When I did this, /etc/init.d/net.eth0 started successfully and the routing table (netstat -rn) looked right, but I could get no ICMP or ARP ping response (using ping or arping2).  Interestingly, when I pinged the win box, I saw the pings coming in and going out....

I wonder if it's something to do with r8169, but have no idea how to debug it and I haven't found any relevant bug reports on google.

----------

## nova13

Booted the gentoo box in windows, and I get the same behavior.  It doesn't work with DHCP and it doesn't work with a static ip.  On its side of the connection I see packets going out but nothing coming back.  On the other side, I see packets coming and going.

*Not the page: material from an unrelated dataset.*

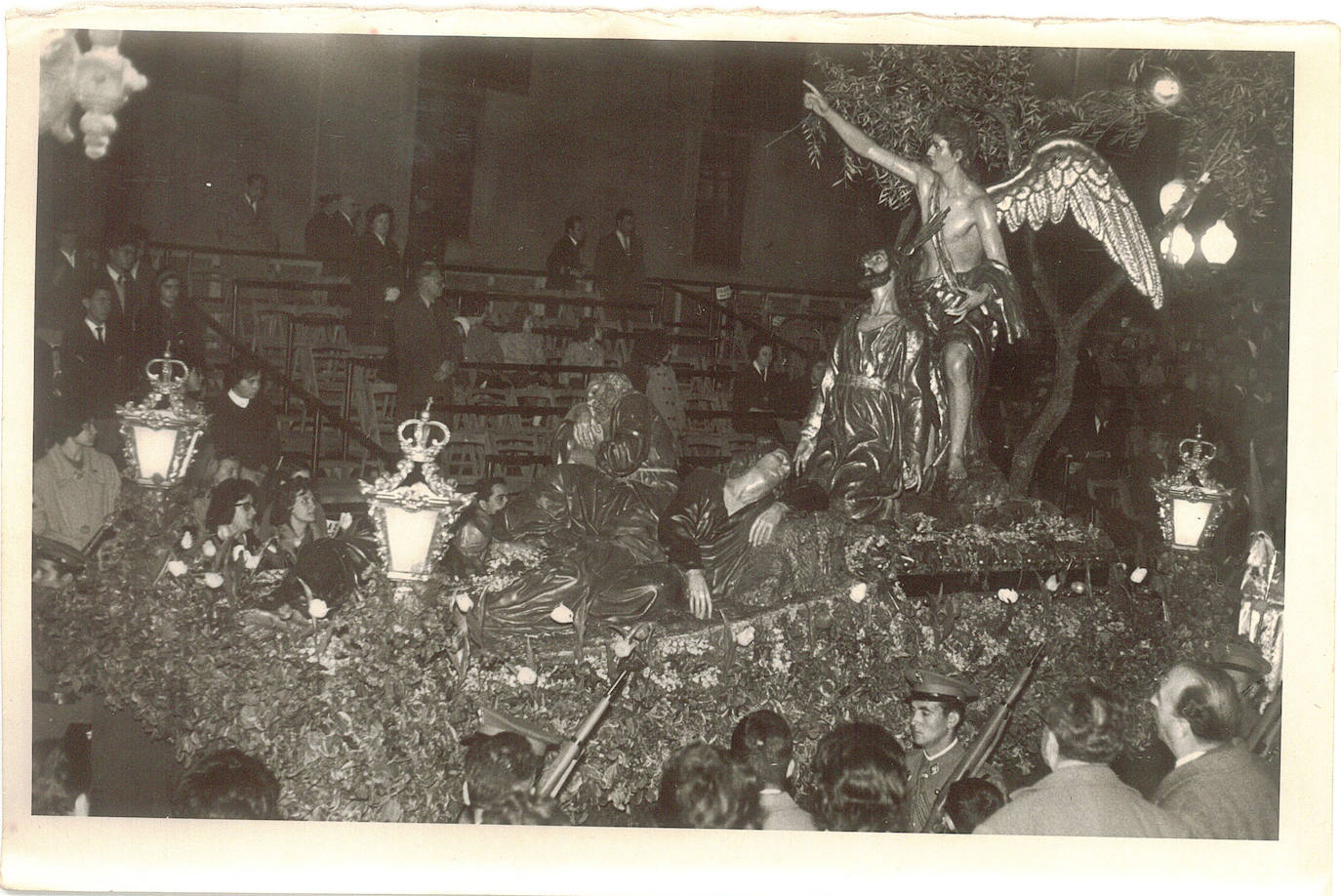 Estación de penitencia del Huerto en una imagen de fecha desconocida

So it's not the kernel.  I guess it could still be the driver, if the Windows driver is similar. I'd guess it's the network adapter, but then how is it able to connect to the cable modem and how can I use that info to get it to connect to the router?

----------

## didymos

I'd suspect it's some setting on the router, but I have no idea what that would be (and even if I knew the make and model, still wouldn't, as I don't own any routers).

----------

## nova13

I thought so too, initially, but I had trouble connecting it to a different router as well, and it won't connect directly to another pc even with static addressing!  I guess I'll be buying a new NIC....

----------

## nova13

Ok, I had a chance to look at this some more this weekend (still haven't caved and bought a new NIC).  :Smile: 

As I said before, the gentoo box gets a dhcp response from the cable modem, but seems to ignore (or not to receive) dhcp responses from the router or the windows box.  I compared the dhcp offer packets sent by the router to those sent by the cable modem and there was one glaring difference: the cable modem addresses its dhcp OFFER packet directly to my NIC, but the router uses broadcast MAC and broadcast IP.  

Is it possible that the NIC is ignoring the offer packets because they're not addressed to its MAC?  Why don't the offers even show up in tcpdump, which puts the interface in promiscuous mode?  Is there a dhcpcd/dhclient setting that might remedy this?

----------

## didymos

Have you tried updating to a newer dhcpcd yet?

----------

## username234

 *nova13 wrote:*   

> 
> 
> Is it possible that the NIC is ignoring the offer packets because they're not addressed to its MAC?
> 
> 

 

the DHCP server will never use a broadcast when assigning an IP address.  From what I've seen on the tcp dumps I've done on my systems, the easiest way to find a response the DHCP request, is to look just after the DHCP server (which I'm assuming is your router in this case) finishes arping an IP address.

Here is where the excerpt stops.